From the Guidelines
Travelers' diarrhea is best managed with prompt hydration and, if symptoms are severe, antimicrobial therapy, with azithromycin 1000mg as a single dose or 500mg daily for 3 days being the first-line treatment for moderate to severe cases, as recommended by the most recent guidelines 1.
Prevention and Treatment
For prevention, practice careful food and water hygiene by consuming only bottled or treated water, avoiding raw vegetables, unpeeled fruits, and undercooked meats. If diarrhea occurs, focus first on rehydration with oral rehydration solutions like Pedialyte or a homemade mixture of 1 liter of clean water with 6 teaspoons of sugar and 1/2 teaspoon of salt.
Mild Symptoms
For mild symptoms, loperamide (Imodium) 4mg initially followed by 2mg after each loose stool (maximum 16mg/day) can provide relief, as supported by studies 1.
Moderate to Severe Cases
For moderate to severe cases, antibiotics are effective: azithromycin is the first-line treatment, while fluoroquinolones like ciprofloxacin are alternatives except in Southeast Asia where resistance is common, as noted in the guidelines 1.
Seek Medical Attention
Seek medical attention if you experience high fever, bloody stools, severe abdominal pain, or symptoms lasting longer than a week, as these may indicate a more serious infection requiring specialized care. Some key points to consider:
- The decision to treat TD with non-specific anti-diarrheal medications and/or an antimicrobial agent is based on assessment of the severity of illness and the effects it will have on the traveler’s activities and plans 1.
- Azithromycin has demonstrated effective and comparable cure rates with shigellosis, another common agent causing dysentery, and is generally well tolerated with minimal side effects 1.

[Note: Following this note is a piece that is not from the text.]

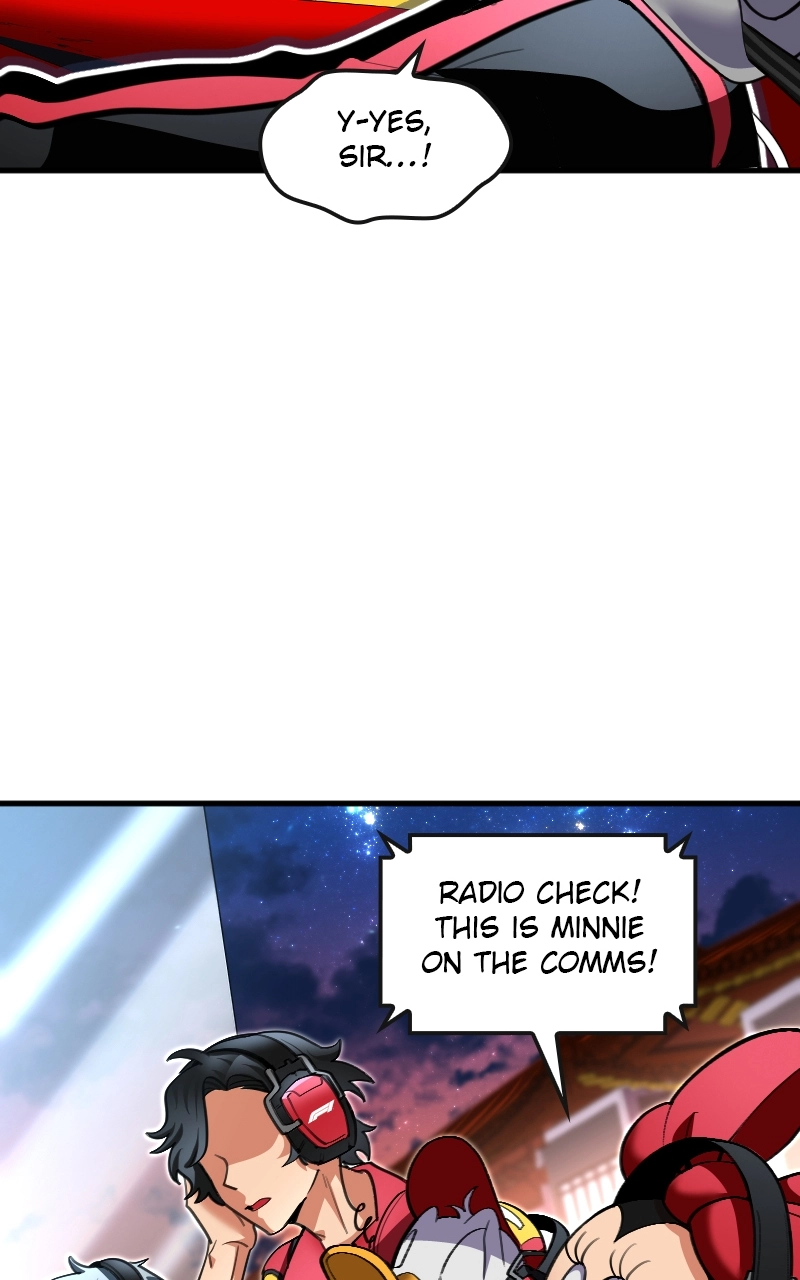 Mickey x F1 Racing to the Top! Chapter 2 - page 60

- Rifaximin, a nonabsorbable antibiotic, has demonstrated comparable efficacy to FQs in non-invasive TD caused by diarrheagenic E. coli, but is less effective for the treatment of invasive pathogens 1.
From the FDA Drug Label
XIFAXAN is a rifamycin antibacterial indicated for: • Treatment of travelers’ diarrhea (TD) caused by noninvasive strains of Escherichia coli in adult and pediatric patients 12 years of age and older (1.1)
Limitations of Use • TD: Do not use in patients with diarrhea complicated by fever or blood in the stool or diarrhea due to pathogens other than Escherichia coli (1.1,5.1)
DOSAGE AND ADMINISTRATION Condition Recommended Dosage Regimen TD (2.1) One 200 mg tablet 3 times a day for 3 days
Rifaximin (XIFAXAN) is indicated for the treatment of travelers’ diarrhea (TD) caused by noninvasive strains of Escherichia coli in adult and pediatric patients 12 years of age and older. The recommended dosage regimen for TD is one 200 mg tablet 3 times a day for 3 days 2. However, it should not be used in patients with diarrhea complicated by fever or blood in the stool or diarrhea due to pathogens other than Escherichia coli.
From the Research
Definition and Treatment of Traveler's Diarrhea
- Traveler's diarrhea is typically defined as experiencing at least three unformed stools per day during a stay abroad or within 10 days of returning from the destination 3.
- The treatment of traveler's diarrhea often involves the use of antibiotics, such as ciprofloxacin, levofloxacin, azithromycin, and rifaximin, in combination with loperamide to manage symptoms 4, 5, 6.
Comparison of Treatment Options
- A study comparing azithromycin and loperamide to levofloxacin and loperamide found that both combinations were effective in treating traveler's diarrhea, with similar median times to last diarrheal stool and resolution of associated symptoms 4.
- Another study found that loperamide plus azithromycin was more effective than azithromycin alone in treating traveler's diarrhea, with a shorter duration of diarrhea and fewer unformed stools passed in the first 24 hours 5.
- A study comparing ciprofloxacin plus loperamide to ciprofloxacin alone found that the combination of ciprofloxacin and loperamide was not significantly better than ciprofloxacin alone in treating traveler's diarrhea, although loperamide appeared to have some benefit in the first 24 hours of treatment 6.
Prevention and Management
- Prevention of traveler's diarrhea involves taking precautions regarding dietary habits, such as avoiding fecally contaminated food and beverages, and considering the use of probiotics or immunoprophylaxis 7.
- Management of acute watery traveler's diarrhea involves restoring water and electrolyte balance, and may require pharmacologic treatment to shorten the duration of diarrhea or relieve symptoms 7.
- Poorly absorbed antimicrobials, such as bicozamycin and furazolidone, may be a safe option for treating traveler's diarrhea, although more research is needed to evaluate their effectiveness 7.